Programmes often collapsed when NGOs departed, and some NGOs channel up to 75 percent of their budgets to administrative costs, he says. Cooperatives are an improvement because Ethiopia’s chronic problems are better tackled by the long-term capacity-building that cooperatives promote, he contends.
This view is shared by Haile Gebre, who is regarded as the father of Ethiopia’s cooperatives. He headed the government’s Bureau for Cooperatives in the 1990s, and his policies have resulted in the way cooperatives function today. He concedes the issue is not quite black-and-white: “Nothing is totally wrong or fair - things are relative,” he said.

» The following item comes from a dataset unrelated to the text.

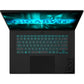 Gigabyte Gaming A16 Core i7-13620H 16GB 512GB RTX 4050 6GB 16" FHD+ L580O3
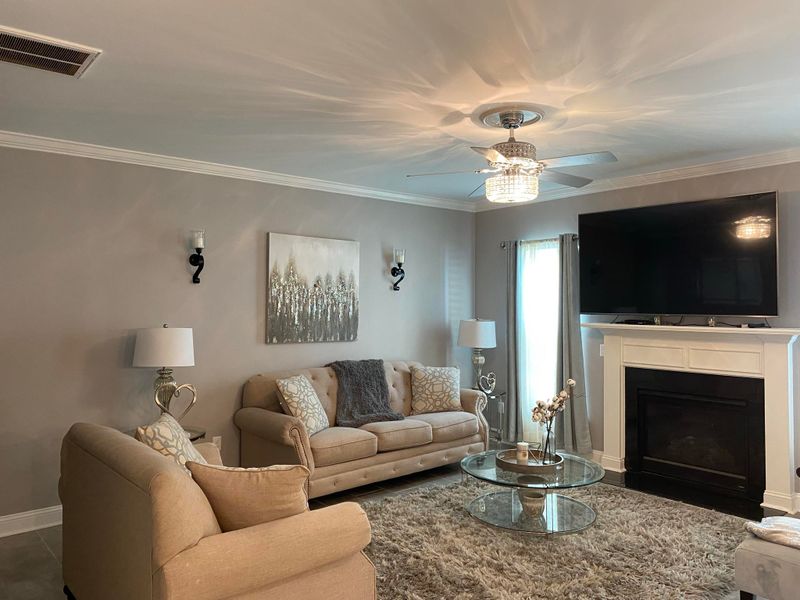 310 Bibiana Ln, Goose Creek, SC 29445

“But if I’d been president of Ethiopia in 1973, I’ve have banned NGOs from Ethiopia.”
NGOs are good for providing temporary support after catastrophes, but for poverty, they aren’t the solution, he argues.
Outside help
Yet a variety of NGOs have been responsible for supporting the cooperative model.
“We are development-oriented, not relief-oriented,” said Amsalu Andarge, an Addis Ababa-based field officer coordinator for the NGO Agriculture Cooperative Development Integrated Volunteers Overseas Cooperative Assistance (ACDI/VOCA). In 1995, the US-based organization helped launch Agricultural Cooperatives in Ethiopia (ACE), which established regional-level cooperative bureaus.
Photo: Flickr Creative Commons/Canned Muffins |
A growing coffee industry |
“Those cooperatives established by ACE are now leading the economic transformation of the country,” Andarge said.
In fact, some cooperatives receive help not only from foreign-based NGOs but from foreign state aid agencies as well.
Since September 2003, the Japan International Cooperation Agency (JICA) has worked alongside the Oromia Forest and Wildlife Enterprise (OFEW), a state-run forest protection organization, and local coffee farmers, helping them produce sustainable coffee for the Japanese market, said Fumiaki Saso, a JICA project coordinator in Jimma, 200km southwest of Addis Ababa.
JICA offered technical support, such as organizing Rainforest Alliance certification and facilitating access to the international market, while OFWE controlled the coffee exportation process. After administrative costs - including JICA’s - were covered, 70 percent of remaining revenue went to farmers and 30 percent was retained by OFWE.
In March 2012, full oversight of the project was successfully handed over to OFWE.
Support and oversight needed
The cooperative business model contains both the key to economic success and a raft of potential problems, said cooperative expert Gebre.
“They are self-contained: members are producers, sellers, buyers and consumers, and the cooperative that is member-led and member-oriented will remain efficient and effective,” generating profits for members and contributing to self-sufficiency.
But if cooperatives start to focus on profits to the exclusion of their members’ needs, they could be transformed into supply-and-demand driven “oligarchies”, he said, describing organizations controlled by a select few with no concern for improving members’ lives or investing in communities.
“As they get bigger, there may be problems,” allowed Kassu Kebede, a programme manager for ACDI/VOCA.
But growth can’t be avoided; to compete, the cooperatives will need to diversify and become business-oriented. And it can be handled successfully, he reasoned, citing as an example India, which has cultivated large, business-oriented cooperatives that compete internationally while still serving farmers.
For now, cooperatives still need support from NGOs like ACDI/VOCA and the government, he added, noting that the latter should also provide oversight to ensure cooperatives balance business-oriented growth with the needs of cooperative members.